··· RECORDED INFORMATION ···
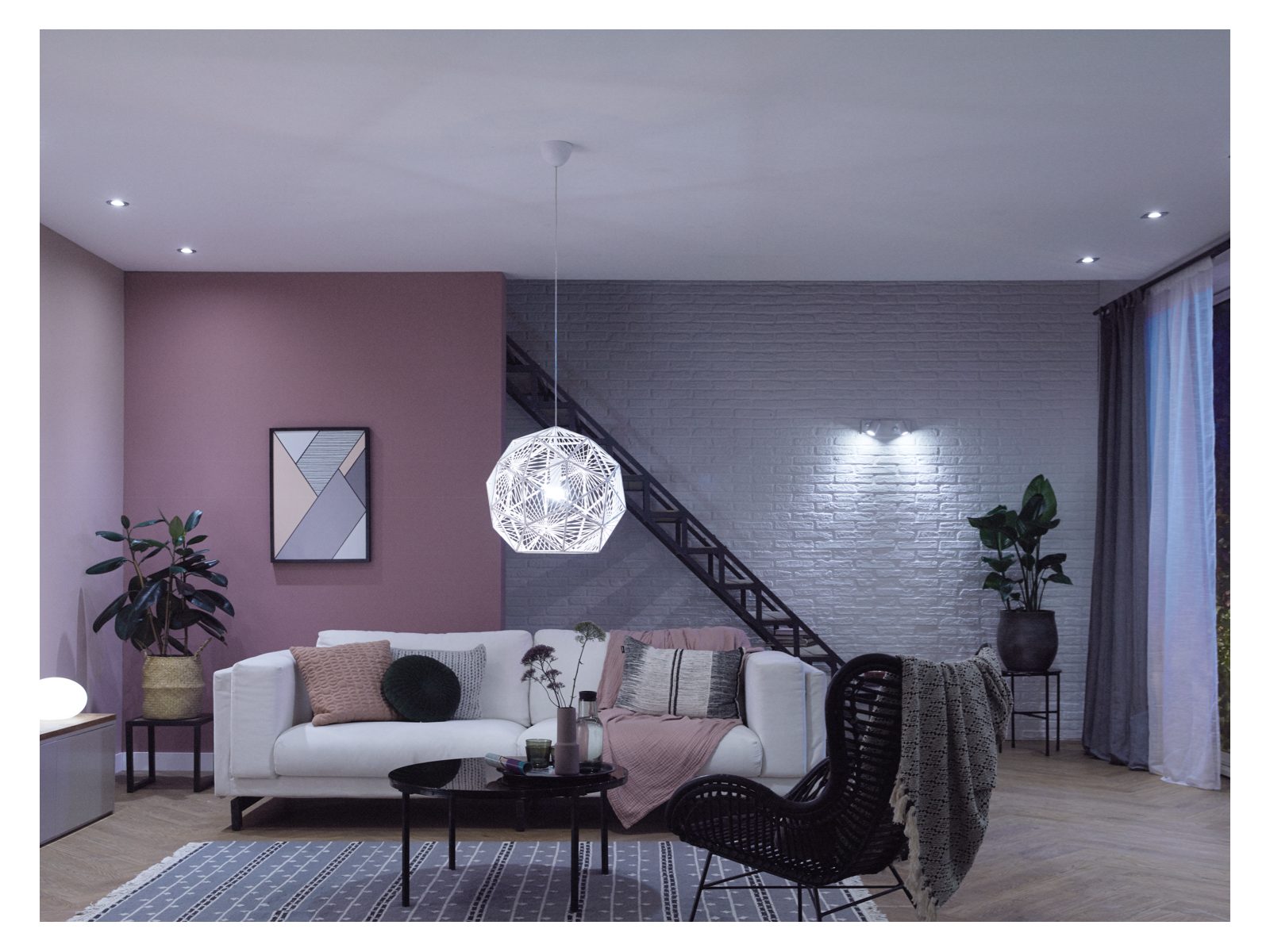 A living room with furniture and bright white lighting 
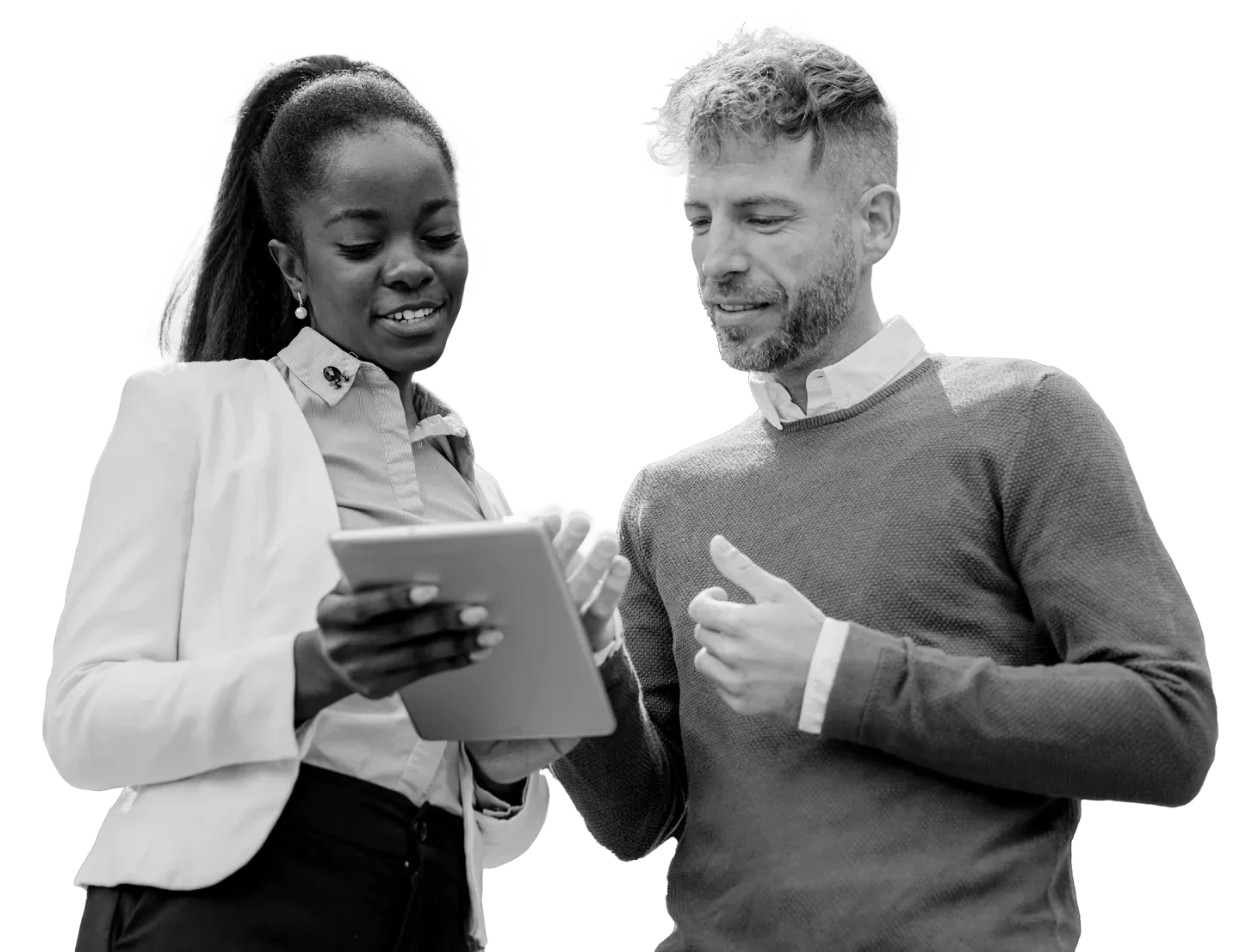 woman and man looking at a computer tablet together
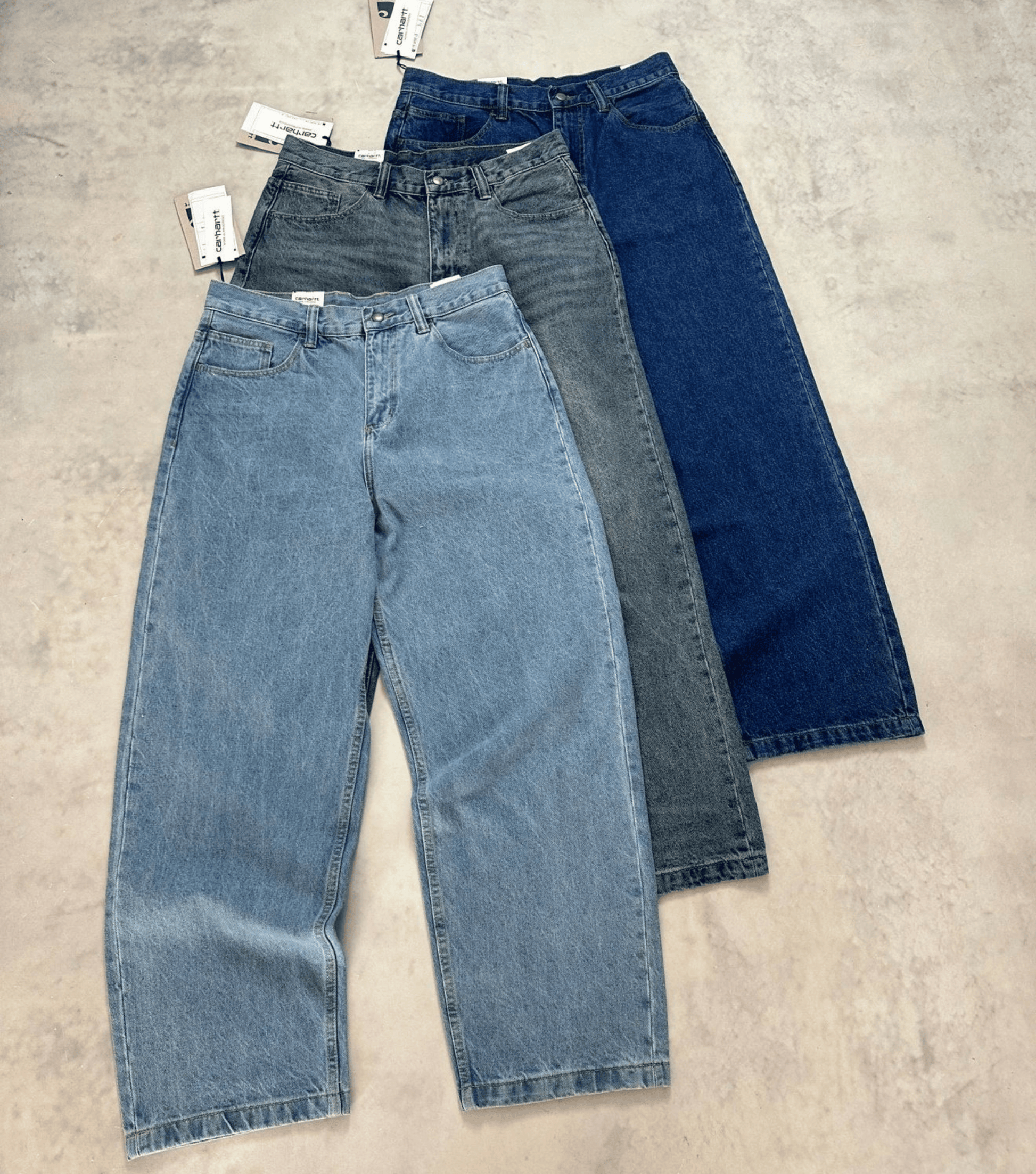 Three pairs of wide-leg Carhartt vintage jeans in light blue, medium gray, and dark blue denim, arranged diagonally on a textured concrete floor with tags attached.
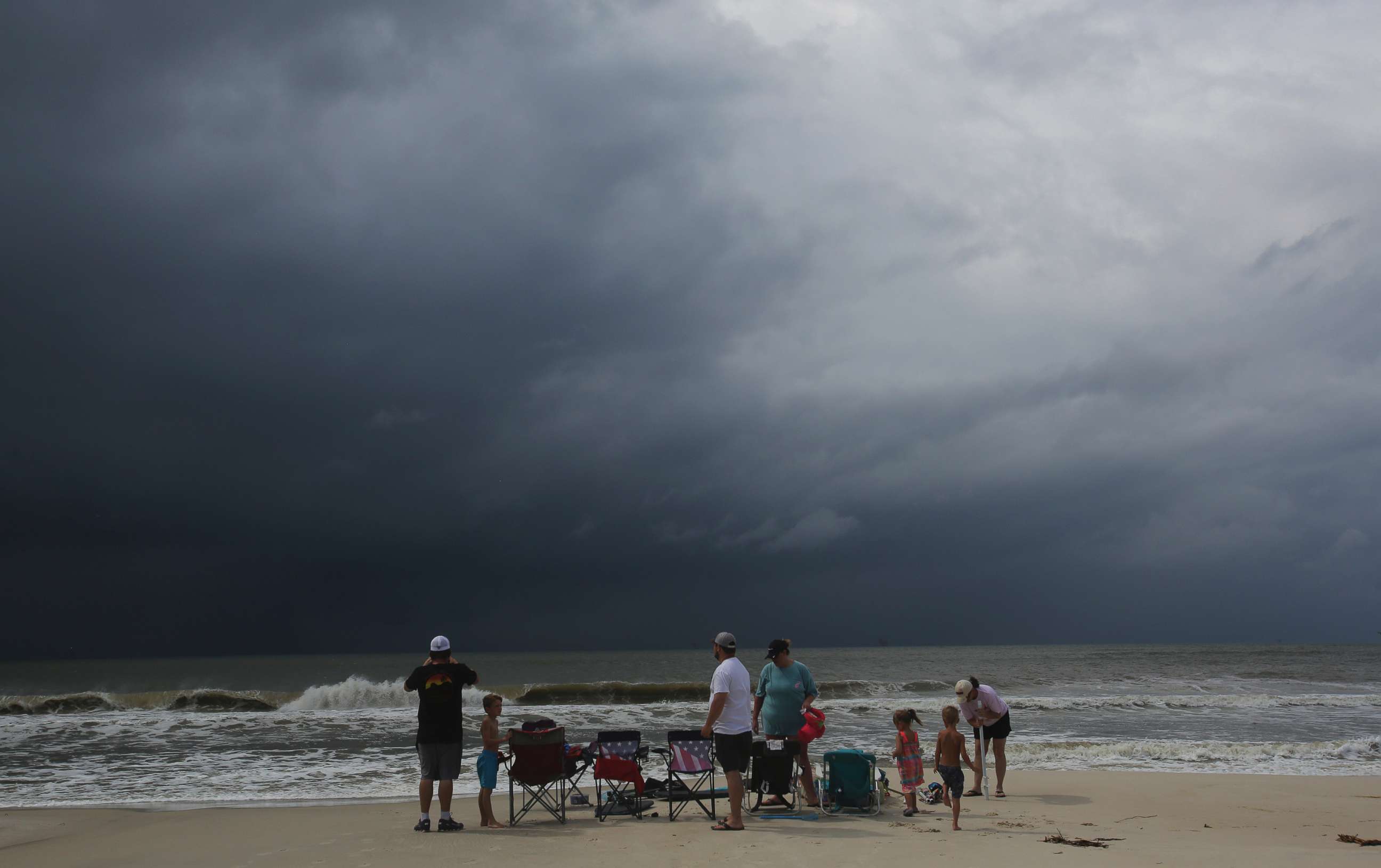PHOTO: A family watches the first rains clouds from Tropical Storm Gordon roll in, Sept. 4, 2018, in Dauphin Island, Ala.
···
Starting with the line that contains "Three pairs of", reproduce every line down to the end of the listing above, both endpoints included. Pictures stay out.

• ANSWER BOX:
 Three pairs of wide-leg Carhartt vintage jeans in light blue, medium gray, and dark blue denim, arranged diagonally on a textured concrete floor with tags attached.
PHOTO: A family watches the first rains clouds from Tropical Storm Gordon roll in, Sept. 4, 2018, in Dauphin Island, Ala.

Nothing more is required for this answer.